Egyptians at odds throw improvised weapons and rocks

Supporters of Egyptian President Mohammed Mursi clash with anti-Mursi protesters outside the Egyptian presidential palace on 5 December 2012 in Cairo, Egypt. Islamist supporters of Egypt's President Mohammed Mursi chased opposition protesters away from the presidential palace, as the vice president said a vote on a controversial charter would go ahead as planned. (Photo: AFP - Gianluigi Guercia)

Published Wednesday, December 5, 2012

Supporters and opponents of Egyptian President Mohammed Mursi lobbed Molotov cocktails and rocks at each other on Wednesday as their standoff turned violent near the presidential palace in Cairo.

Bloodied protesters were seen being carried away as gunshots could be heard and the fierce political rivals torched cars and set off fireworks, AFP reporters said.

Supporters of Mursi continue attack anti-Mursi protesters outside the presidential palace with eyewitness reports of militia-like men bloodying demonstrators and women in particular.

Pro-Mursi supporters can be seen taking down the opposition's tents in the below video.

At the heart of the battle is a decree issued by Mursi expanding his powers and allowing him to put to a referendum a disputed constitution drafted by Islamists.

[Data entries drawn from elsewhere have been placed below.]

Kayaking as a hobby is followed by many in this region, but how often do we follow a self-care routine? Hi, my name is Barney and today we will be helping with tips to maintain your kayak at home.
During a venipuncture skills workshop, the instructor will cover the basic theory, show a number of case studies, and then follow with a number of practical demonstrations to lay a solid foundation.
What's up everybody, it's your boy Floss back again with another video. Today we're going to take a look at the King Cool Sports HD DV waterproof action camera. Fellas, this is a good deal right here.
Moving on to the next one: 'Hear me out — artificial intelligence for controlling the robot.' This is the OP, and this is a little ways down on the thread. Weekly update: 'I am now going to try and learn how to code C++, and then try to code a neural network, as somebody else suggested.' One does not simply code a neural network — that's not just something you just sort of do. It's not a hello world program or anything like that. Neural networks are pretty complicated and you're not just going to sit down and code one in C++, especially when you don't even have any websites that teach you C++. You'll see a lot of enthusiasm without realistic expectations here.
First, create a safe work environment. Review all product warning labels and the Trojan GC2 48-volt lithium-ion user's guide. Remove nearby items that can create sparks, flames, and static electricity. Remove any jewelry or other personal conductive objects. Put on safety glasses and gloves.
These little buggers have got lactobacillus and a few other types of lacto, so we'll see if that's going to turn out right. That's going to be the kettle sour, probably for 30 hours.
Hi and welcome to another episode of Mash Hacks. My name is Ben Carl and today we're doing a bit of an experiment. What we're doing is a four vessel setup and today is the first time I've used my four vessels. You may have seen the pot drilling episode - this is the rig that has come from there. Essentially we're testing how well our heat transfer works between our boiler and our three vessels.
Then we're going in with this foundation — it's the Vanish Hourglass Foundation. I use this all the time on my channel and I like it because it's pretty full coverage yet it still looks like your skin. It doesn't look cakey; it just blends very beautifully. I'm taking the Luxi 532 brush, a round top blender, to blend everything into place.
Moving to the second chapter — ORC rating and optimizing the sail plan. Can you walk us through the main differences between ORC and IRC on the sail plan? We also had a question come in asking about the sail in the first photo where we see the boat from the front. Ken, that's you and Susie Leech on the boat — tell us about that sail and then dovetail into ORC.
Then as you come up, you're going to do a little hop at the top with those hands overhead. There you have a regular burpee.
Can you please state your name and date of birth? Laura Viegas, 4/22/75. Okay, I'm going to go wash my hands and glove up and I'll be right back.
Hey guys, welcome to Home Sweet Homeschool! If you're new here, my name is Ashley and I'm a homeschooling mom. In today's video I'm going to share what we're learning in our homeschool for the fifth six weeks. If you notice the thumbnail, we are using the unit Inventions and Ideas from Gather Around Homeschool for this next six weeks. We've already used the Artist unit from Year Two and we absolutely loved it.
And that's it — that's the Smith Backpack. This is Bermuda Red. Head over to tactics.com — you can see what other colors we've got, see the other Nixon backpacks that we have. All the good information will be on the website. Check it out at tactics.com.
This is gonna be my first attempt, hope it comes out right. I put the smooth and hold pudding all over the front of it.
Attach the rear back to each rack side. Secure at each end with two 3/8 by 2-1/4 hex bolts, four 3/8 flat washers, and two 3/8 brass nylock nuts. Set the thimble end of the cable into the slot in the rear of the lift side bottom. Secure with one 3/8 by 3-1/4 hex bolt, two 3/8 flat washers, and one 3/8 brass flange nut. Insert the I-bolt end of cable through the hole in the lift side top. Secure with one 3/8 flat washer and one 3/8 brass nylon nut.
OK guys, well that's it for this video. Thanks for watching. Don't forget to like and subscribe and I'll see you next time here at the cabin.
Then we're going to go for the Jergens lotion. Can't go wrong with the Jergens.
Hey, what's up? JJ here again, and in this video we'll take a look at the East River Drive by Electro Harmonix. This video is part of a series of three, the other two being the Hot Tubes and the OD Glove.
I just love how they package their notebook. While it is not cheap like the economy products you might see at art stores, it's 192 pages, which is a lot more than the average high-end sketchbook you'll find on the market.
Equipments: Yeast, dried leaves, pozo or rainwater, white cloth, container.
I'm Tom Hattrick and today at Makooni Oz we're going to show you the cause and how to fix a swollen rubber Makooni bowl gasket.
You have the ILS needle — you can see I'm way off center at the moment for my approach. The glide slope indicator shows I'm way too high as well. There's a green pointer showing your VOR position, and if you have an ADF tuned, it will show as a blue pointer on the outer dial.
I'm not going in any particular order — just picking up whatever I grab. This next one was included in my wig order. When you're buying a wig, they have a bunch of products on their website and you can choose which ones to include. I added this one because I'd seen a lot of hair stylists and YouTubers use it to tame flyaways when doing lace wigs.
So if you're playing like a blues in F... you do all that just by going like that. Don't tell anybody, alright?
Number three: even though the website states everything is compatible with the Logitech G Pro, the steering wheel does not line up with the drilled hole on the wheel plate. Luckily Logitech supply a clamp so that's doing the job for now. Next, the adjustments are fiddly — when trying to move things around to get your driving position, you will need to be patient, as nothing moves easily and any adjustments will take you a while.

The November 22 constitutional declaration has sparked deadly protests and strikes, but Vice President Mahmud Mekki said a December 15 referendum on the charter would go ahead as planned.

Around the presidential palace in the upscale neighborhood of Heliopolis, protesters from both camps fled into side streets.

Skirmishes broke out after thousands of Islamists rallying to the call of the Muslim Brotherhood bore down on the presidential palace, tearing down opposition tents and chanting that they would "cleanse" the area.

The two sides threw stones at each other before the secular-leaning opposition protesters, who had besieged the palace in their tens of thousands on Tuesday, escaped into side streets before regrouping.

Prominent opposition leader and former UN nuclear watchdog chief Mohamed ElBaradei said Mursi bore "full responsibility" for the violence and that his regime was losing more legitimacy every day.

Tens of thousands of opposition protesters had encircled the palace on Tuesday demanding that Mursi go, opposing the charter and with some calling for a boycott of the referendum.

Islamist rallies converged outside the palace, where hundreds of anti-Mursi protesters had spent the night, forcing the opposition to leave the area.

"They (Islamists) attacked us, broke up our tents, and I was beaten up," said Eman Ahmed, 47. "They accused us of being traitors."

Protesters from the male-dominated Islamist marches harassed television news crews, trying to prevent them from working.

"I'm here to defend democracy. The president was elected by the ballot box. The opposition protesters ran away as they can't face our strength," said Wael Ali, a 40-year-old Mursi supporter with a long beard.